Votre commission vous propose d'adopter cet article ainsi modifié.

* 144 « 1- Les personnes dont l'activité est d'éditer un service de communication au public en ligne mettent à disposition du public, dans un standard ouvert :

a) S'il s'agit de personnes physiques, leurs nom, prénoms, domicile et numéro de téléphone et, si elles sont assujetties aux formalités d'inscription au registre du commerce et des sociétés ou au répertoire des métiers, le numéro de leur inscription ;

b) S'il s'agit de personnes morales, leur dénomination ou leur raison sociale et leur siège social, leur numéro de téléphone et, s'il s'agit d'entreprises assujetties aux formalités d'inscription au registre du commerce et des sociétés ou au répertoire des métiers, le numéro de leur inscription, leur capital social, l'adresse de leur siège social ;

c) Le nom du directeur ou du codirecteur de la publication et, le cas échéant, celui du responsable de la rédaction au sens de l'article 93-2 de la loi n° 82-652 du 29 juillet 1982 précitée.

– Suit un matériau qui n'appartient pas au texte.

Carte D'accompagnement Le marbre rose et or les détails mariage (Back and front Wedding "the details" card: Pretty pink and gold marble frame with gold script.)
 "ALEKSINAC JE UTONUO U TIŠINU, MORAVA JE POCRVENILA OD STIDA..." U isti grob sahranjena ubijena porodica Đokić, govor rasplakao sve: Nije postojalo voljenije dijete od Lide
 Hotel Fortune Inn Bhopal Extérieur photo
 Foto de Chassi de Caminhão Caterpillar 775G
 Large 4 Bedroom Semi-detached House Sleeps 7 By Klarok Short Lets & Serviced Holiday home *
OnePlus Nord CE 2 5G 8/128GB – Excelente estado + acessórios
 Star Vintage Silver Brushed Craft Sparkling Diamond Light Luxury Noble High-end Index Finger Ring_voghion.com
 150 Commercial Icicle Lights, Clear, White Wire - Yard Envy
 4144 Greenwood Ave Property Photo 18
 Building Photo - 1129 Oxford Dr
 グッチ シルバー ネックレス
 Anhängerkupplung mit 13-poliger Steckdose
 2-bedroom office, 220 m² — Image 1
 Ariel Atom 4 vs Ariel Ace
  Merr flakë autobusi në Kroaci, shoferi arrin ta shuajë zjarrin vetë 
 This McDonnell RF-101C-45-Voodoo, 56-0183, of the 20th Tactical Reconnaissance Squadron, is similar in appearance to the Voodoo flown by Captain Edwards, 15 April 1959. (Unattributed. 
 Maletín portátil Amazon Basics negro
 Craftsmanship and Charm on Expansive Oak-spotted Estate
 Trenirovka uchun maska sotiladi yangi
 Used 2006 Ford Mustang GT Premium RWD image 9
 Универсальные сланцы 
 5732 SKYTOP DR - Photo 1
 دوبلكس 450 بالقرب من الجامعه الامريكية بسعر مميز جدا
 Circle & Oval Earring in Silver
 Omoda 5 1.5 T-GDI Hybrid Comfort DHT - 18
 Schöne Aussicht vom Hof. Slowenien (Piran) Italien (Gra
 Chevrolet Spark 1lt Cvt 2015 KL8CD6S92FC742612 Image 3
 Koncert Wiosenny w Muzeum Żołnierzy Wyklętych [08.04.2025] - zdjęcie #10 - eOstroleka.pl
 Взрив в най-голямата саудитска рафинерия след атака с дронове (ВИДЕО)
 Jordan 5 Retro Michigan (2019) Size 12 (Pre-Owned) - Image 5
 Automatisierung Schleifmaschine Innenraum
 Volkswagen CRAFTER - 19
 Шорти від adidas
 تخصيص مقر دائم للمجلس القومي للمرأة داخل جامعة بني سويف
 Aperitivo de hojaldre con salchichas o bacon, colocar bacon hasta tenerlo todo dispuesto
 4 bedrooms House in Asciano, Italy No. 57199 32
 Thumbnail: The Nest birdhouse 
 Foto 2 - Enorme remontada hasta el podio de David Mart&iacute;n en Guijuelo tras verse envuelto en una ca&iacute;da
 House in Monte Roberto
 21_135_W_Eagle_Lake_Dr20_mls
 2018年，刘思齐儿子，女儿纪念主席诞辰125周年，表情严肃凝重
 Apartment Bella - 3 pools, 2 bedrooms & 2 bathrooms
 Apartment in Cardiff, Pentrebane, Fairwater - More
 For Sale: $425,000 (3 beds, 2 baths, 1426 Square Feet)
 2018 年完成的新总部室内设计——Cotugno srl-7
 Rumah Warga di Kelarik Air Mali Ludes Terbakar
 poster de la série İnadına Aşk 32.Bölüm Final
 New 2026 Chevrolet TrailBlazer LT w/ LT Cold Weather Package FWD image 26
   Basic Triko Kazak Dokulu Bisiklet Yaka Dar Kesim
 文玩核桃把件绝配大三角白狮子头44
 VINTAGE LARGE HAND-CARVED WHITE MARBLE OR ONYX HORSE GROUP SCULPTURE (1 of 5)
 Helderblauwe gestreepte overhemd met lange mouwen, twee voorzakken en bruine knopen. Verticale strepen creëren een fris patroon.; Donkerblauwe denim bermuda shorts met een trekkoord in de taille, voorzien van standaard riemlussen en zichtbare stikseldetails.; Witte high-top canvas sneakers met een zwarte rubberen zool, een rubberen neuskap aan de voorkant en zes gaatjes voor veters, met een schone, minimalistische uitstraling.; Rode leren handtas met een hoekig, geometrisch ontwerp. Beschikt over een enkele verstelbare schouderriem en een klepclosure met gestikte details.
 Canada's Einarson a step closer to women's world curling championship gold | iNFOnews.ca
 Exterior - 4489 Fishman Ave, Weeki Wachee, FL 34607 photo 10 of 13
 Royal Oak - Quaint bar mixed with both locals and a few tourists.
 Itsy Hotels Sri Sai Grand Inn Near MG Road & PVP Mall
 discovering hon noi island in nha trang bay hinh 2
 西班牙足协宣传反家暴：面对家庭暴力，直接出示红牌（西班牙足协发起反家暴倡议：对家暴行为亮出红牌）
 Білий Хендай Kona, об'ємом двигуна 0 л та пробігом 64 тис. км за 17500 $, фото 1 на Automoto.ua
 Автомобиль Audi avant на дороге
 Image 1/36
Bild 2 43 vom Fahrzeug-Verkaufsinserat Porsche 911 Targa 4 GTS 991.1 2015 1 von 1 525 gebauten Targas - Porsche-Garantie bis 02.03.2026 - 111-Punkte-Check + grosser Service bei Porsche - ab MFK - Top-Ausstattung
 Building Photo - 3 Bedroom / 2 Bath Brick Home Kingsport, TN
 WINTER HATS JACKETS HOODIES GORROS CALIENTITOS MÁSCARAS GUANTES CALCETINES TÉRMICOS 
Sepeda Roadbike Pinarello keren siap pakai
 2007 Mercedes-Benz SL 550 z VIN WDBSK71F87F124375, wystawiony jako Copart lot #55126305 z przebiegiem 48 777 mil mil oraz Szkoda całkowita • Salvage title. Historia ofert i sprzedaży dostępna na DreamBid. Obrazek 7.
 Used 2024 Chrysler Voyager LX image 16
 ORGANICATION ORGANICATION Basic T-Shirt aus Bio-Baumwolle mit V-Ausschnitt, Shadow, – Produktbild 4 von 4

d) Le nom, la dénomination ou la raison sociale et l'adresse et le numéro de téléphone du prestataire mentionné au 2 du I.

2 - Les personnes éditant à titre non professionnel un service de communication au public en ligne peuvent ne tenir à la disposition du public, pour préserver leur anonymat, que le nom, la dénomination ou la raison sociale et l'adresse du prestataire mentionné au 2 du I, sous réserve de lui avoir communiqué les éléments d'identification personnelle prévus au 1. »

* 145 Celui-ci, sauf exception fixée par décret en Conseil d'État, « est effectué par la remise du document à l'organisme dépositaire ou par son envoi en franchise postale, en un nombre limité d'exemplaire. »

* 146 Le dépôt légal concernait jusqu'ici en effet tous les documents effectivement mis à la disposition de la collectivité nationale et non, comme c'est le cas avec Internet, potentiellement mis à la disposition de la collectivité nationale.